BY ARJAV JAIN AND ARYAN GUPTA

In [None]:
import nltk
import re
import math
import glob

from nltk.tokenize import word_tokenize
from nltk.stem import PorterStemmer
from nltk.corpus import stopwords
from nltk.stem import WordNetLemmatizer
from collections import defaultdict
nltk.download("punkt")
nltk.download("stopwords")
nltk.download("wordnet")
nltk.download('omw-1.4')

from google.colab import drive
drive.mount('/content/drive')

file_list = glob.glob("/content/drive/MyDrive/corpus/*")
for i in range(len(file_list)):
  name = file_list[i].split("/")
  file_list[i] = name[-1]

def read_document(file_name):
  with open('/content/drive/MyDrive/corpus/{}'.format(file_name)) as file:
    lines = file.read()
  return lines

def preprocess_text(text):
  text = text.lower()
  text = re.sub('[^A-Za-z0-9]+', ' ',text)
  # preprocess text
  tokens = word_tokenize(text)
    
  stop_words = set(stopwords.words("english"))
  tokens = [token for token in tokens if token not in stop_words]
    
  lemmatizer = WordNetLemmatizer()
  lemmatized_tokens = [lemmatizer.lemmatize(token) for token in tokens]
    

  stemmer = PorterStemmer()
  stemmed_tokens = [stemmer.stem(token) for token in lemmatized_tokens]
    
  return stemmed_tokens


[nltk_data] Downloading package punkt to /root/nltk_data...
[nltk_data]   Package punkt is already up-to-date!
[nltk_data] Downloading package stopwords to /root/nltk_data...
[nltk_data]   Package stopwords is already up-to-date!
[nltk_data] Downloading package wordnet to /root/nltk_data...
[nltk_data]   Package wordnet is already up-to-date!
[nltk_data] Downloading package omw-1.4 to /root/nltk_data...
[nltk_data]   Package omw-1.4 is already up-to-date!

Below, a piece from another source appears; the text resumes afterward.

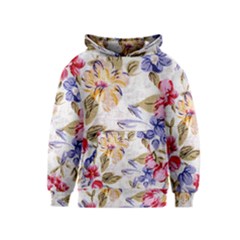 Flower Texture, Knitted Texture, Background With Big Red Kids  Pullover Hoodie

Drive already mounted at /content/drive; to attempt to forcibly remount, call drive.mount("/content/drive", force_remount=True).


In [None]:
# function to calculate term frequency for both query and doc
def calculate_tf(tokens):
    tf_dict = defaultdict(int)
    for token in tokens:
        # increment the count for that token in the tf_dict
        tf_dict[token] += 1
    # convert raw term frequency to log(tf) weights
    for term, freq in tf_dict.items():
        if freq == 0:
          tf_dict[term] = 0
        else:
          tf_dict[term] = 1 + math.log10(freq)
    return tf_dict

In [None]:
# function to calculate inverse document frequency for query
def calculate_idf(N, df):
    # calculate inverse document frequency
    return math.log10(N/df)

In [None]:
# function to build inverted index, document lengths, and number of documents
def build_index(file_list):
    inverted_index = defaultdict(list)
    doc_lengths = defaultdict(float)
    N = len(file_list)

    for doc_id, file_name in enumerate(file_list):
        text = read_document(file_name)
        tokens = preprocess_text(text)
        # calculate term frequency for each token in the document
        tf_dict = calculate_tf(tokens)
        # update document lengths by summing the square of each term weight
        length = 0.0
        for term, weight in tf_dict.items():
            length += weight**2
            # add postings to inverted index for each term
            inverted_index[term].append((doc_id, weight))
        
        doc_lengths[doc_id] = math.sqrt(length)
        
    return inverted_index, doc_lengths, N

In [None]:
# function to rank documents based on cosine similarity
#query ltc
#doc lnc 
def rank_documents(query, inverted_index, doc_lengths, N):
    tokens = preprocess_text(query)
    query_tf = calculate_tf(tokens)
    query_tf_idf = {}
    normalized_query = 0
    for term, tf in query_tf.items():
        if term in inverted_index:
            df = len(inverted_index[term])
            idf = calculate_idf(N, df)
            query_tf_idf[term] = tf * idf
            normalized_query+=query_tf_idf[term]**2

    normalized_query= math.sqrt(normalized_query)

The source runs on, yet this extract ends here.